Ethics officials at the Justice Department are likely to review his past work to see whether he has any financial or personal conflicts. In many instances, the ethics office does not require a Justice Department official’s recusal but suggests a course of action. In the past, senior Justice Department officials have tended to follow such advice, but they are rarely required to do so ...
The two people close to Whitaker said they strongly believe he would not approve any request from Mueller to subpoena the president. Mueller and Trump’s attorneys have negotiated for months about a possible interview, with no agreement in sight.
Congressional Democrats on Thursday demanded emergency hearings in the U.S. House of Representatives to investigate President Donald Trump’s ouster of Attorney General Jeff Sessions, calling the move an effort to undermine a federal probe into Russian meddling in the 2016 U.S. election.
House Judiciary Committee Democrats demanded action from the panel's Republican Chairman Bob Goodlatte, and called for bipartisan legislation to protect Special Counsel Robert Mueller from any effort to stymie the probe.
Goodlatte’s office was not immediately available for comment.
Separately, House Judiciary Democrats called on Whitaker in a letter to recuse himself and keep the Mueller investigation under the supervision of Deputy Attorney General Rod Rosenstein, a career Justice Department official who has given the special counsel full scope to pursue leads.
In addition to the now well-circulated August 2017 CNN opinion piece Whitaker wrote questioning the scope of the Mueller investigation, Trump's appointee made his stance well-known in a series of radio interviews.
Speaking on the "Rose Unplugged" radio program in August 2017, Whitaker said the appointment of Mueller was "ridiculous" and it "smells a little fishy."

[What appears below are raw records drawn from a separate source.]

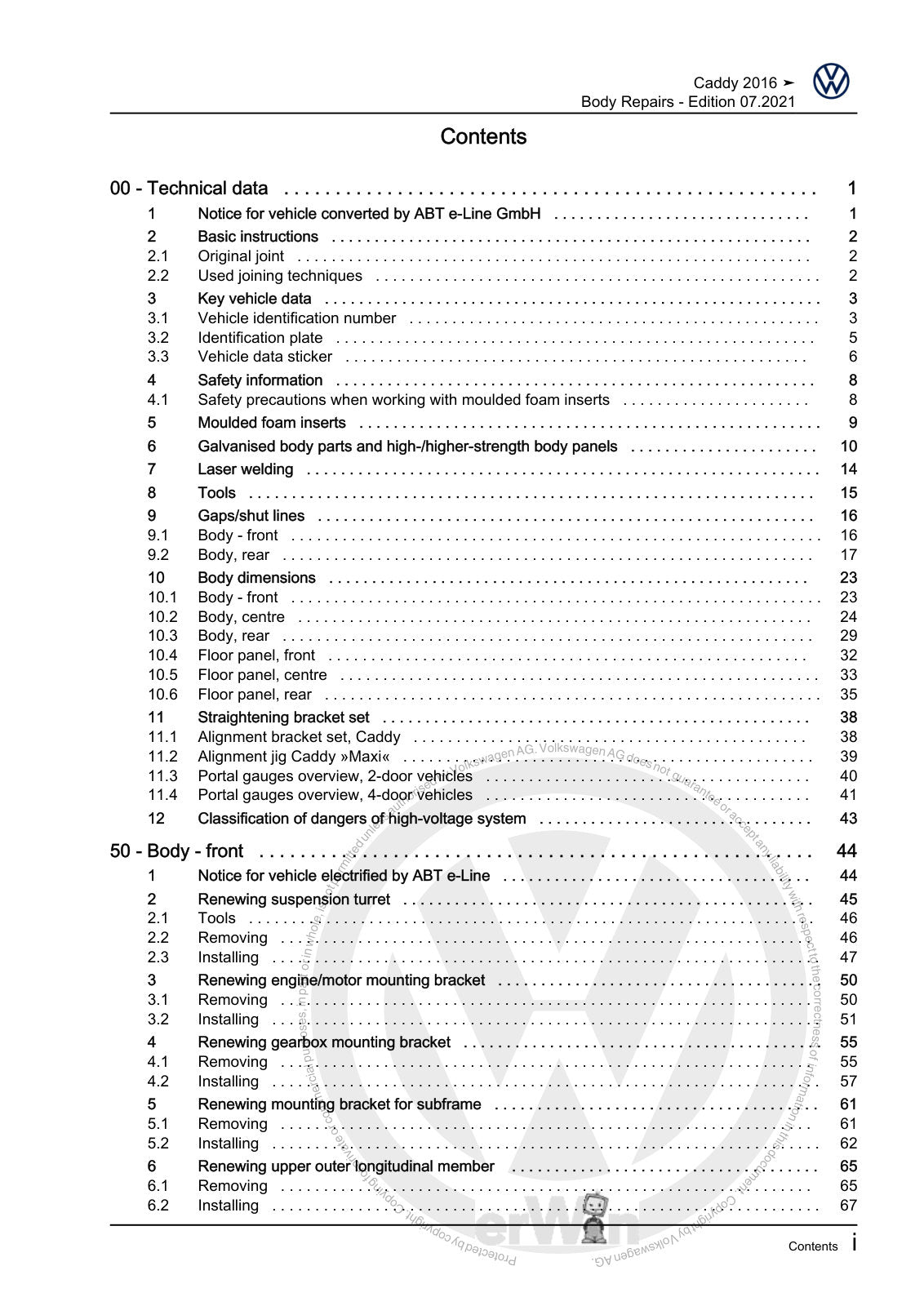 Workshop manual sample — contents/overview (page 3)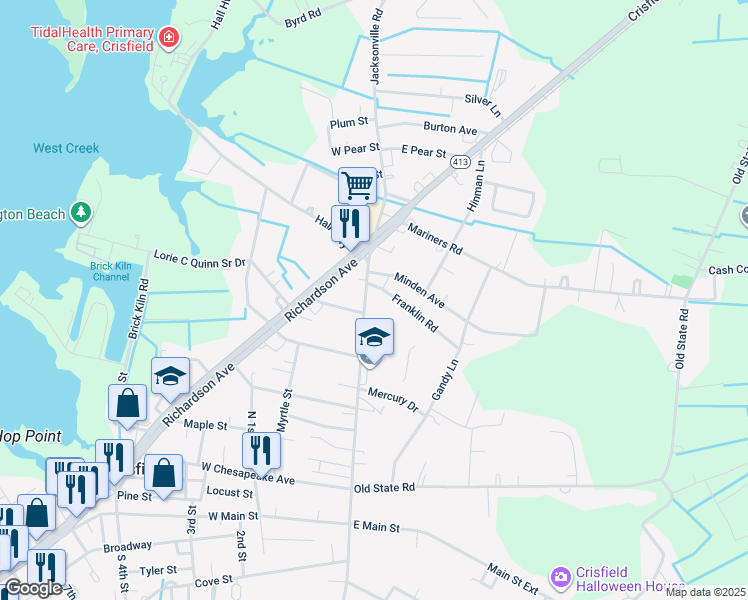 map of restaurants, bars, coffee shops, grocery stores, and more near 242 North Somerset Avenue in Crisfield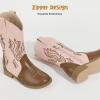 imagePANDANINJIA Girls Cowboy Boots Toddler Cowgirl Boots Little Big Kids Western Mid Calf Round Toe Embroidered Horse Riding Shoes BootiesRound Toe Pinkbrown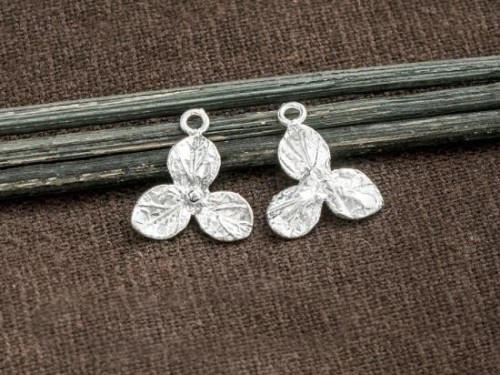 4 of 925 Sterling Silver Flower Charm 13mm.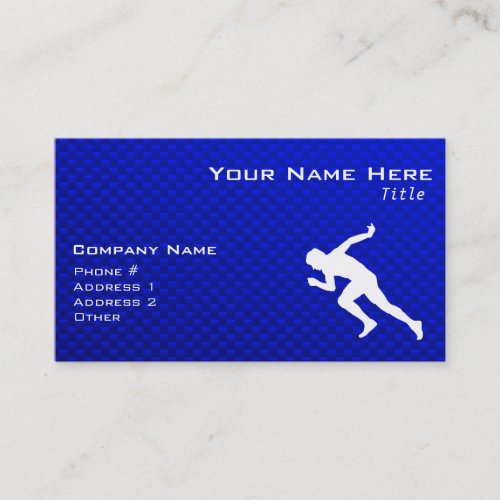 Running; Blue Business Card Templates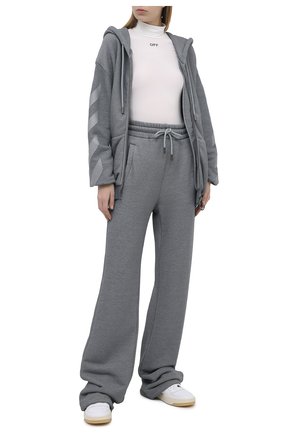 Женский хлопковая толстовка OFF-WHITE серого цвета по цене 58350 руб., арт. 0WBE005E20JER0010808 | Фото 2 Женский хлопковая толстовка OFF-WHITE серого цвета, арт. 0WBE005E20JER0010808 | Фото 2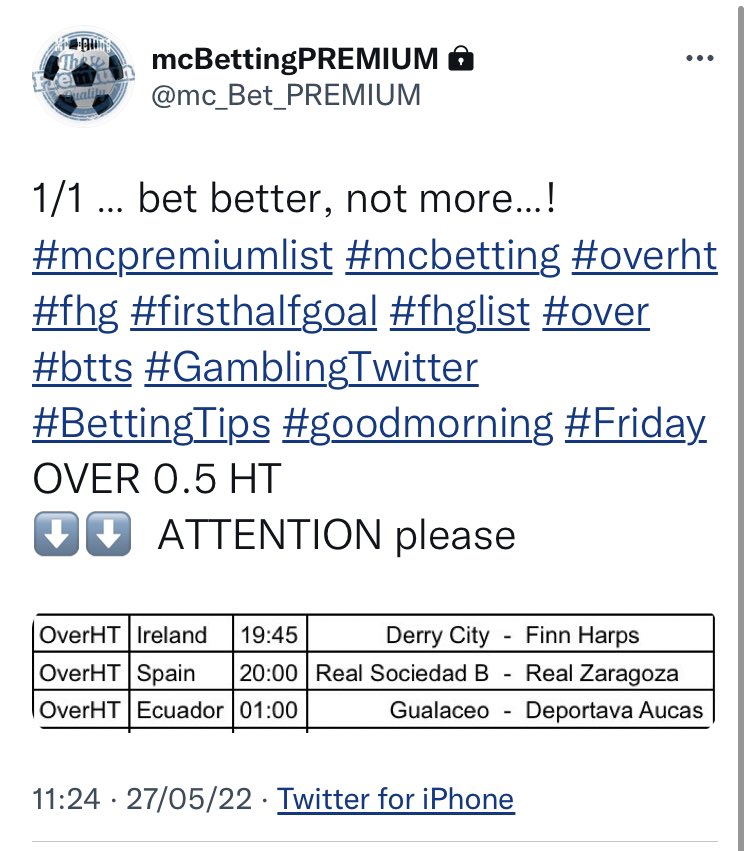 BettingMc's tweet photo. Yesterday 3 out of 3! #mcpremiumlist
β
β
β
ππ¨π¦π π’π§ @mc_Bet_PREMIUM, ππβ¬ π¨π§π ππ’π¦π (ππ¨π« π₯π’ππ). ππ« π βοΈ ππ¨π« ππ πππ²π¬. https://t.co/oo4Hr8JovG
#mcbetting #overHT #BetBetterNotMore #GamblingTwitter #bettingtips https://t.co/tUpHke6lUj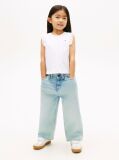 White Crossover Back Seersucker Sleeveless Shirt  Girls
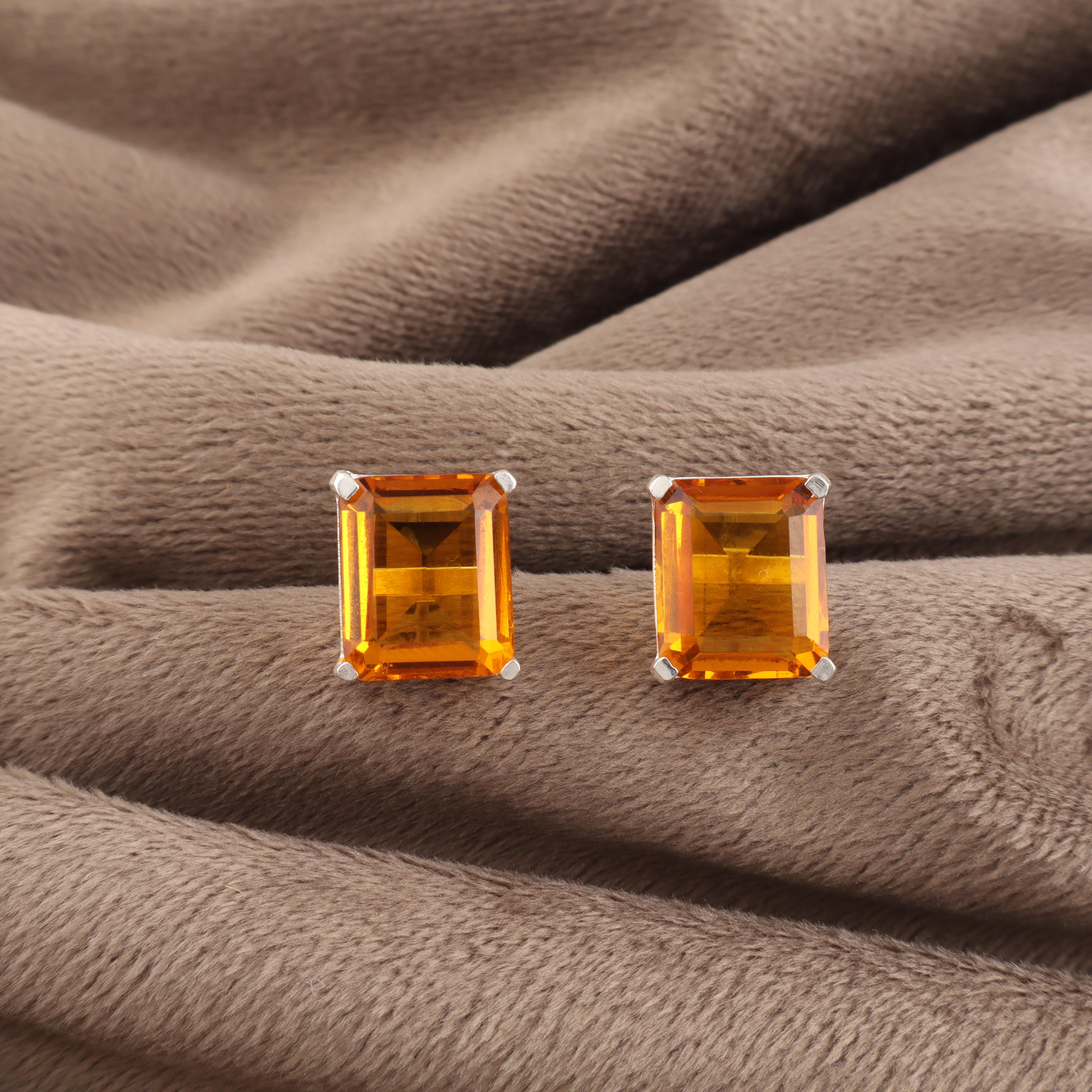 

Цитрин Драгоценный камень Ювелирные изделия из серебра 925 пробы Ручной работы Женские серьги-пусеты 0,4 Рождественский подарок для нее EE-179-9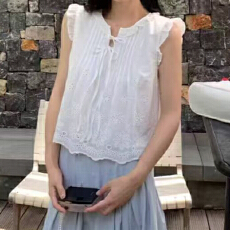 批发报单有货韩里韩气白色短袖衬衫夏新款镂空设计感法式上衣刺绣小衫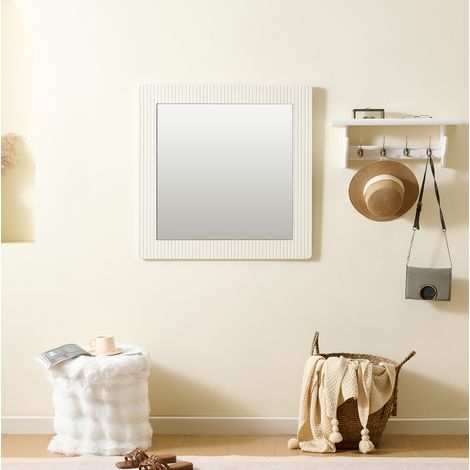 Quadratischer Wandspiegel 80x80 cm aus weißem MDF, klarer Spiegel – MEUBLIV (1/5)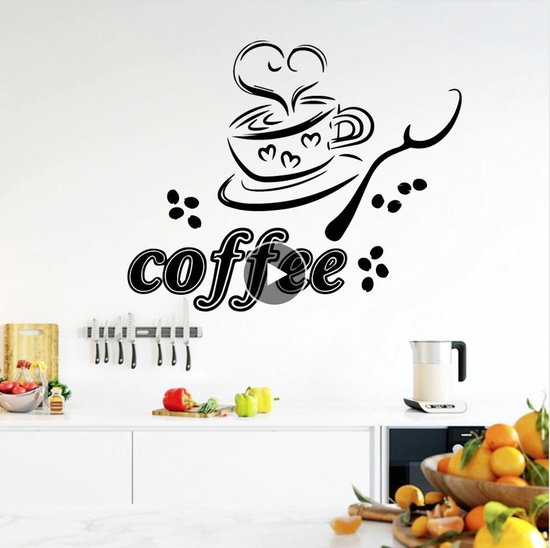 Verdwijnen Aandringen Lot Coffee muursticker - Restaurant sticker - keuken stikker - 58 x 47 cm -  Nr103 | bol.com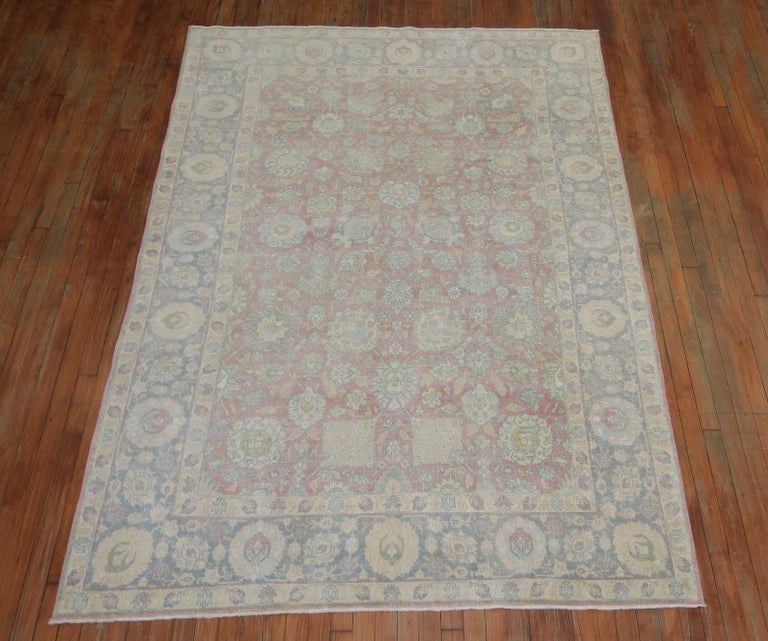 Blush Raspberry Pink Persian Tabriz Rug For Sale at 1stDibs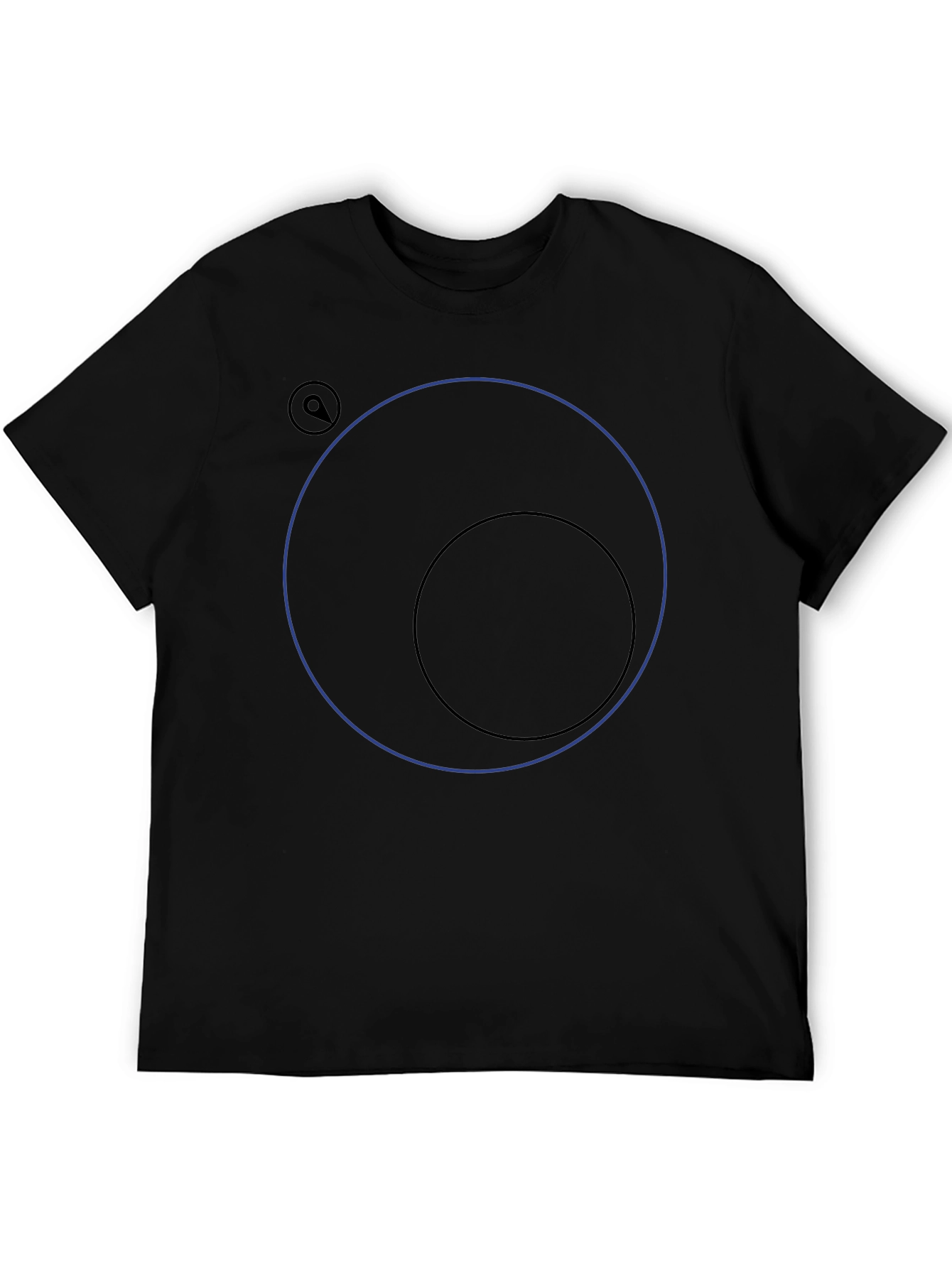 Black Graphic Tee with Circle Design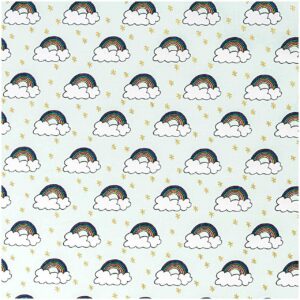 Rico Design Stoff Regenbogen mint-gold 50x140cm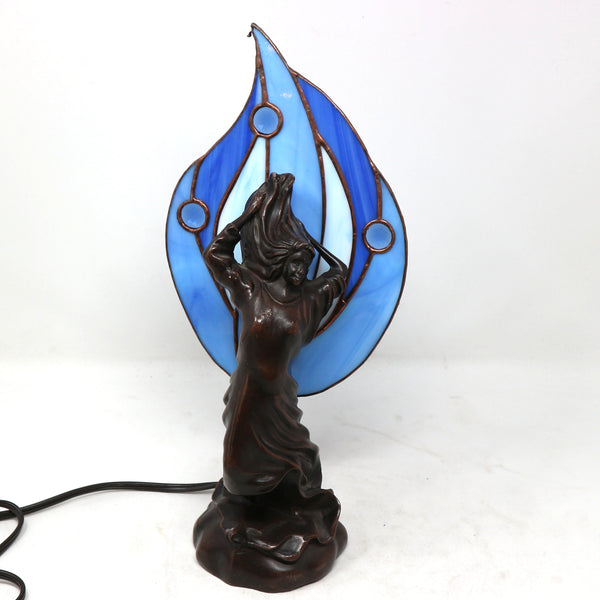 Bronze Lady w/Blue Stained Glass Light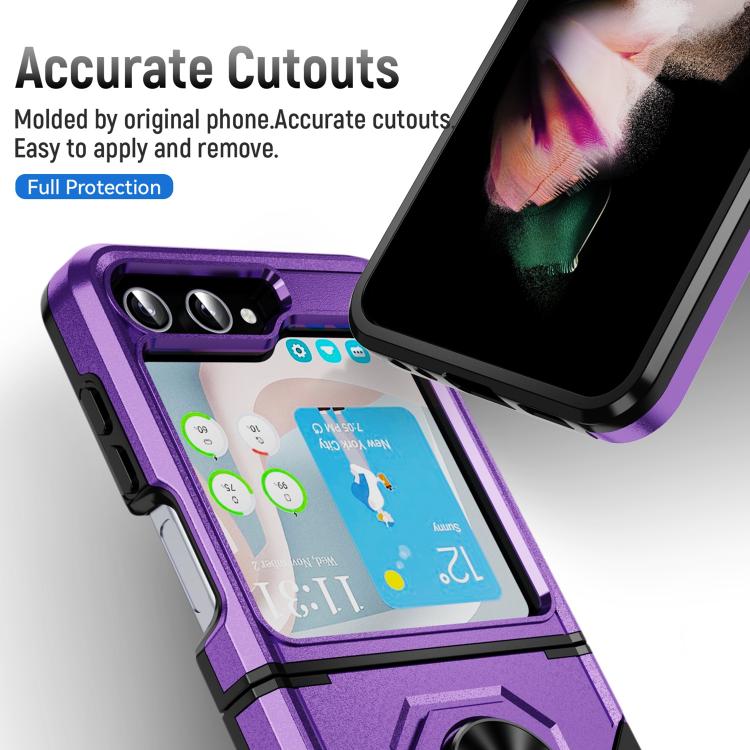 For Samsung Galaxy Z Flip6 5G Pioneer Armor Heavy Duty PC Hybrid TPU Phone Case with Holder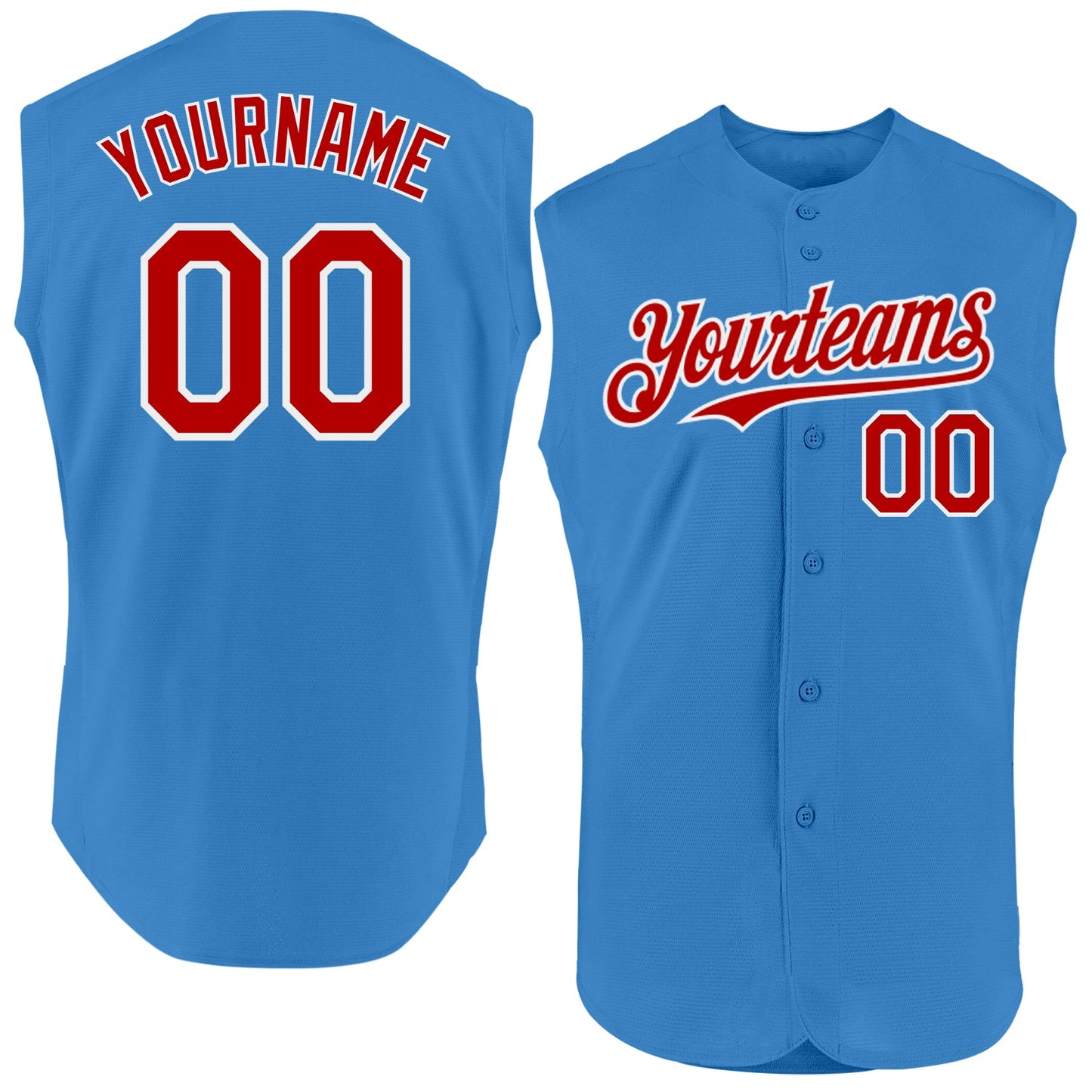 Custom Powder Blue Red-White Authentic Sleeveless Baseball Jersey - Sky-Custom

Whitaker added that Rosenstein felt "political pressure" to appoint Mueller, and that he was "certain" the deputy attorney general now regrets it.
Speaking with Webb, Whitaker added the Mueller investigation would be "invalid" and "fraudulent" if it expanded beyond Russian interference in the 2016 election. Whitaker said it would become a "fishing expedition" that was "very dangerous to the Republic."
Speaking with Webb, Whitaker added if the Mueller team didn't handle "bias" or what he considered conflicts of interest, it raised the question of if there was prosecutorial misconduct.
Speaking on Iowa talk radio in August 2017, Whitaker, comparing the Russia investigation to Ken Starr's investigation into President Bill Clinton, called Mueller's probe "equally political" and said it was taking resources away from other FBI investigations.
Ethics officials might advise Whitaker that his commentary created the appearance of a conflict of interest and leave the decision to him. If they recommended forcefully that he recuse himself and he declined, Whitaker could then be referred to the Justice Department’s Office of Professional Responsibility, and his license to practice law could be put at issue.
Prior to joining the DOJ as Sessions' chief of staff, Whitaker ran a very small, conservative nonprofit connected to the PR firm behind a high-profile attempt to discredit Justice Brett Kavanaugh's accuser, Dr. Christine Blasey Ford.
In March 2017, The Washington Post reported that Sessions had neglected to tell the Senate at his confirmation hearing about prior conversations he had with the Russian ambassador.
The attorney general came under blistering criticism, especially as he had not yet recused himself from supervising the FBI’s investigation into Russian meddling in the 2016 election.
Then Whitaker spoke up. As executive director of the Foundation for Accountability and Civic Trust, an organization that served primarily to level ethics complaints against Democrats, he released a statement defending Sessions.
The statement was blasted out to reporters by CRC Public Relations, a conservative group based in Alexandria, Virginia, which represented FACT and Whitaker throughout 2017, according to press releases.
More recently, CRC faced scrutiny and criticism during Justice Brett Kavanaugh’s confirmation process for reportedly stoking media interest in a discredited conspiracy theory about Kavanaugh’s chief accuser.